-------- Provided data

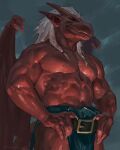  2023 abs anthro barazoku beak belt biceps big_muscles blue_background bottomwear brooklyn_(gargoyles) claws clothed clothing deltoids disney gargoyle gargoyles hair hands_on_hips hi_res horn humanoid_pointy_ears loincloth long_hair looking_at_viewer low-angle_view male muscular muscular_anthro muscular_male navel nipples obliques painterly pecs portrait red_body serratus signature simple_background sky smile solo standing taran_fiddler three-quarter_portrait topless topless_anthro topless_male wings 
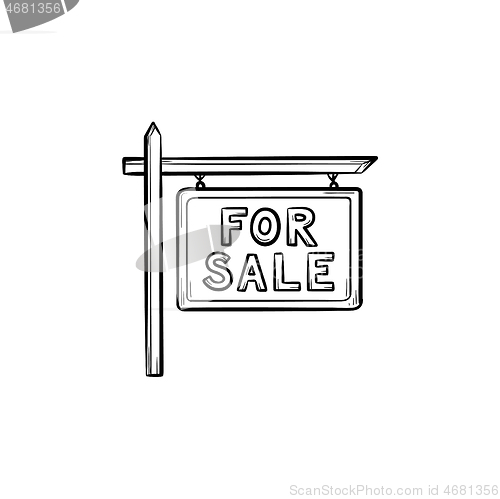 Image of For sale sign hand drawn outline doodle icon.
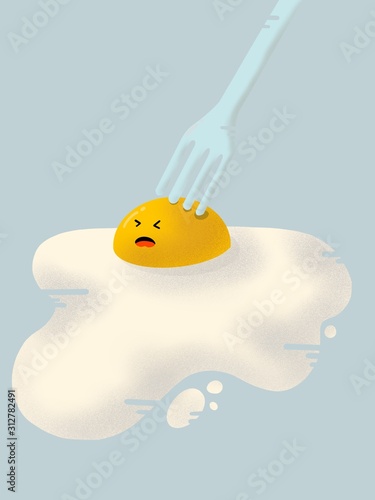 illustration of cute egg being pierced by a blue fork on blue background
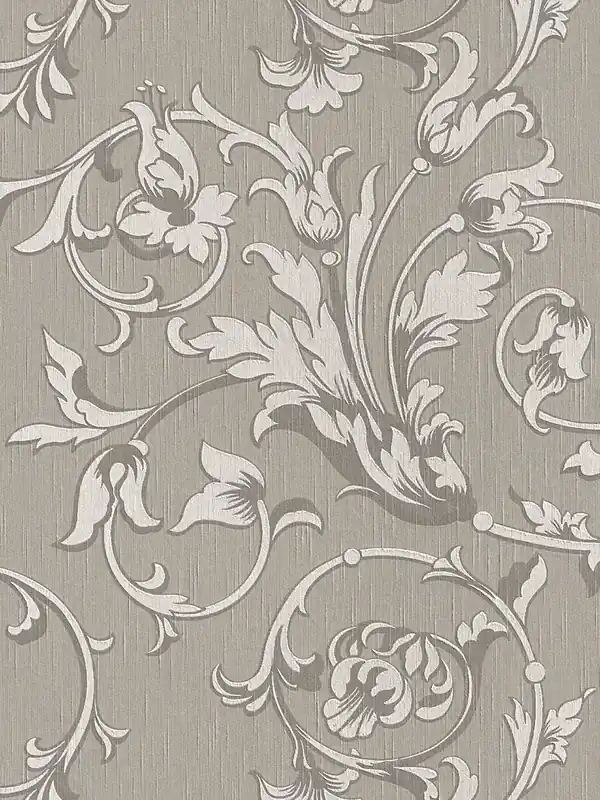 Hit cenowy Tapeta 95633-6 Tessuto AS Creation w stylu kolonialnym z roślinnymi ornamentami - brąz, szary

----------------

_What the task asks_
For this step, transcribe all the material above exactly and drop the images.

_Output for this exercise_
  2023 abs anthro barazoku beak belt biceps big_muscles blue_background bottomwear brooklyn_(gargoyles) claws clothed clothing deltoids disney gargoyle gargoyles hair hands_on_hips hi_res horn humanoid_pointy_ears loincloth long_hair looking_at_viewer low-angle_view male muscular muscular_anthro muscular_male navel nipples obliques painterly pecs portrait red_body serratus signature simple_background sky smile solo standing taran_fiddler three-quarter_portrait topless topless_anthro topless_male wings 
 Image of For sale sign hand drawn outline doodle icon.
 illustration of cute egg being pierced by a blue fork on blue background
 Hit cenowy Tapeta 95633-6 Tessuto AS Creation w stylu kolonialnym z roślinnymi ornamentami - brąz, szary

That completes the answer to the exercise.